§ **Task**: Restate word for word the entries below, starting with the line with "It definitely sold" and continuing through the line with "A harmonica is small". Include both of those lines and no others.

§ **Task inputs**:
==*==

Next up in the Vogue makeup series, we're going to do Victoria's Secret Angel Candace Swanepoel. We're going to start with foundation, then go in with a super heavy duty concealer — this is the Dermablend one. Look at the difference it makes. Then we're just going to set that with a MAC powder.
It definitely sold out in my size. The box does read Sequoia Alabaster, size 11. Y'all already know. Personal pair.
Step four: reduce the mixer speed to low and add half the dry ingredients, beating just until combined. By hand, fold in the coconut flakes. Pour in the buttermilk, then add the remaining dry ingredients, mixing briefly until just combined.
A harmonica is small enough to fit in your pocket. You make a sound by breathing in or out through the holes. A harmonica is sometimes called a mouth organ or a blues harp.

==*==

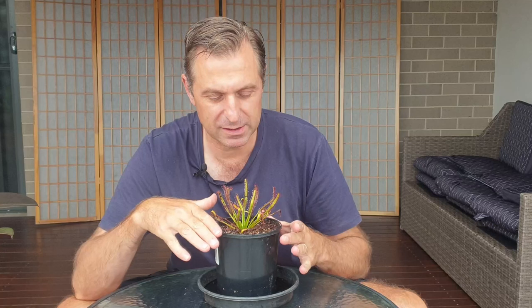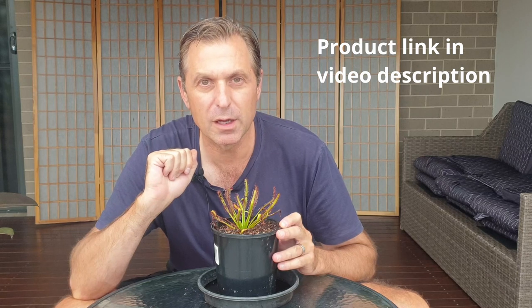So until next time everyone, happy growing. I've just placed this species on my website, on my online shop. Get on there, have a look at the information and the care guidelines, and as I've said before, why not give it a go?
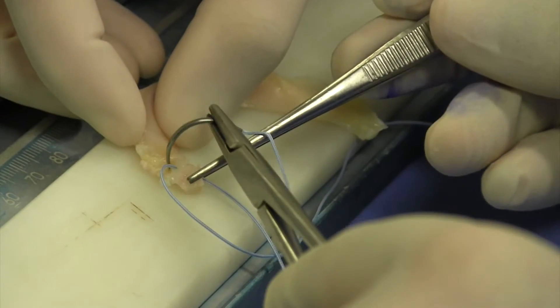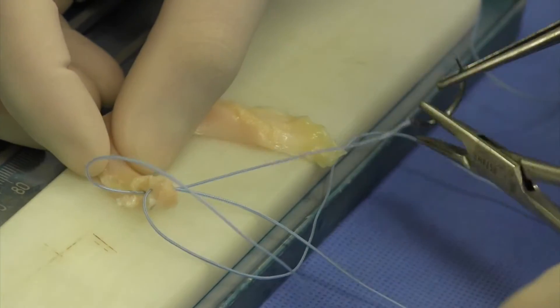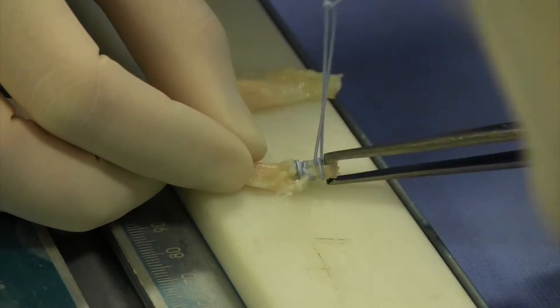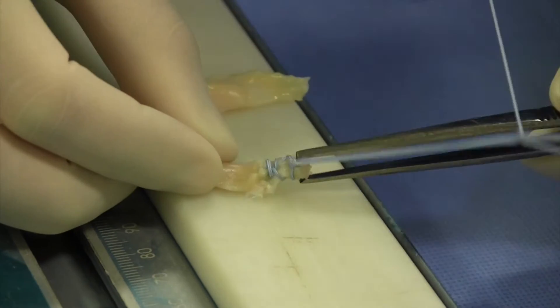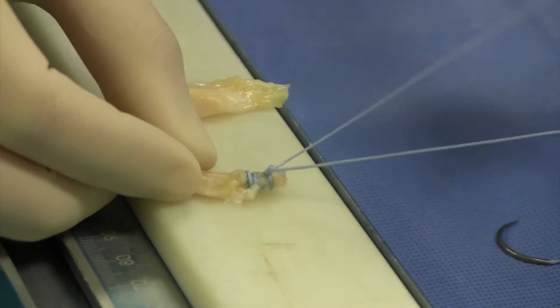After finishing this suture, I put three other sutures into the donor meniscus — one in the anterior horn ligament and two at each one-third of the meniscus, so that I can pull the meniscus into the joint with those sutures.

==*==

§ **Result of this task**:
It definitely sold out in my size. The box does read Sequoia Alabaster, size 11. Y'all already know. Personal pair.
Step four: reduce the mixer speed to low and add half the dry ingredients, beating just until combined. By hand, fold in the coconut flakes. Pour in the buttermilk, then add the remaining dry ingredients, mixing briefly until just combined.
A harmonica is small enough to fit in your pocket. You make a sound by breathing in or out through the holes. A harmonica is sometimes called a mouth organ or a blues harp.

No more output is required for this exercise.